Continuity Commission Weighs Presidential Succession
The Continuity of Government Commission held a hearing Monday on presidential succession, the second phase in its efforts to ensure that the federal government could be immediately reconstituted in the event of a terrorist attack.
Before former Sen. Alan Simpson (R-Wyo.) and former presidential adviser Lloyd Cutler, the co-chairmen of the commission, questioned panel members about potential structural and constitutional problems with the 1947 Presidential Succession Act, however, they got a status report on the progress of how their first initiative — continuity of the legislative branch — is proceeding through Congress.
Thomas Mann, a senior counselor to the commission in his capacity as scholar at the Brookings Institution (which jointly runs the commission with the American Enterprise Institute), said he wished he “could give a positive report that Congress is moving expeditiously and inexorably” toward a solution, but in fact the issue is stalled in the House because key leaders oppose temporary appointments.
“There are some encouraging signs in the Senate,” he added, as Judiciary subcommittee on the Constitution Chairman John Cornyn (R-Texas) is in the process of drafting a constitutional amendment as well as implementing legislation that would specify how and when House Members would be temporarily appointed.
In characteristic fashion, Simpson took the opportunity to rail on House Members — specifically Judiciary Chairman Jim Sensenbrenner (R-Wis.) and Rules Chairman David Dreier (R-Calif.) — for their “stubbornness” on the issue.
(The 17th Amendment provides for the appointment of Senators to fill vacancies by death or resignation.
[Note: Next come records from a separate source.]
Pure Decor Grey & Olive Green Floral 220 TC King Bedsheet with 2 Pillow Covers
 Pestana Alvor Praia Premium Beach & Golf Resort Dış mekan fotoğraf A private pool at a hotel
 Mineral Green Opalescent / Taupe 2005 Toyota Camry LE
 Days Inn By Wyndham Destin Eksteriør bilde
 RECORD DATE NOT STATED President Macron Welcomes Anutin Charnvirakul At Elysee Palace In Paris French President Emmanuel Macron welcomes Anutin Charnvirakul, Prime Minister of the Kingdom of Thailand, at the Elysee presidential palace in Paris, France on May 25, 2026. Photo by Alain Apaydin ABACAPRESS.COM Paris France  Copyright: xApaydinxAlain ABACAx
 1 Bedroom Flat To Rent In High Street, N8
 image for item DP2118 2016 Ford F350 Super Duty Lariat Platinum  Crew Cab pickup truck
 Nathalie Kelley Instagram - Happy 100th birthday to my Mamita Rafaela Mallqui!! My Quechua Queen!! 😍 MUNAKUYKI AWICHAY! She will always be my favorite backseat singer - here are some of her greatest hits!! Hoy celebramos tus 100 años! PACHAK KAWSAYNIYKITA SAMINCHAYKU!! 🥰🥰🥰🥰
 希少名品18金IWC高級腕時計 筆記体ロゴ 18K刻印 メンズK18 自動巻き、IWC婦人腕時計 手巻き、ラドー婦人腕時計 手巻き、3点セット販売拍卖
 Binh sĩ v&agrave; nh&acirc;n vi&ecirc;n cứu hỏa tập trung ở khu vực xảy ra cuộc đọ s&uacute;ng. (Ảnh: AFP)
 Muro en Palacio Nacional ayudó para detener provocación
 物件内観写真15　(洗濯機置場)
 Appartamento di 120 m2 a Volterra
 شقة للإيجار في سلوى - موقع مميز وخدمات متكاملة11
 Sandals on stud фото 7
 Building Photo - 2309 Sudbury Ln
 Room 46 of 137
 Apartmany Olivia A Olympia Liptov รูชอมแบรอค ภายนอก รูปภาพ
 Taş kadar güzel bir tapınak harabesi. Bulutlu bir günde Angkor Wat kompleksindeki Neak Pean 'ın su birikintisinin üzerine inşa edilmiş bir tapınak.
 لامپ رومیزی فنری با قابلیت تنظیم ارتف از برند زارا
The Constitution requires that House seats be filled by special election.)
Referring to the position that appointments would fundamentally alter the character of a body whose Members have always been directly elected, Simpson asked: “Has anyone ever asked what the character of the House would be if death and incapacitation shredded the capacity to get a quorum? I thought hubris was reserved for the Senate … There is a stubbornness there that I just don’t understand.”
He later stated his intention to meet with the two Members to discuss the issue.
If Monday’s four-hour hearing made anything clear, however, it’s that while the presidential succession issue is complicated and most panel experts view the current statute is inadequate to cover a host of catastrophic scenarios, the solutions are more easily workable than is the far more divisive issue of legislative branch continuity.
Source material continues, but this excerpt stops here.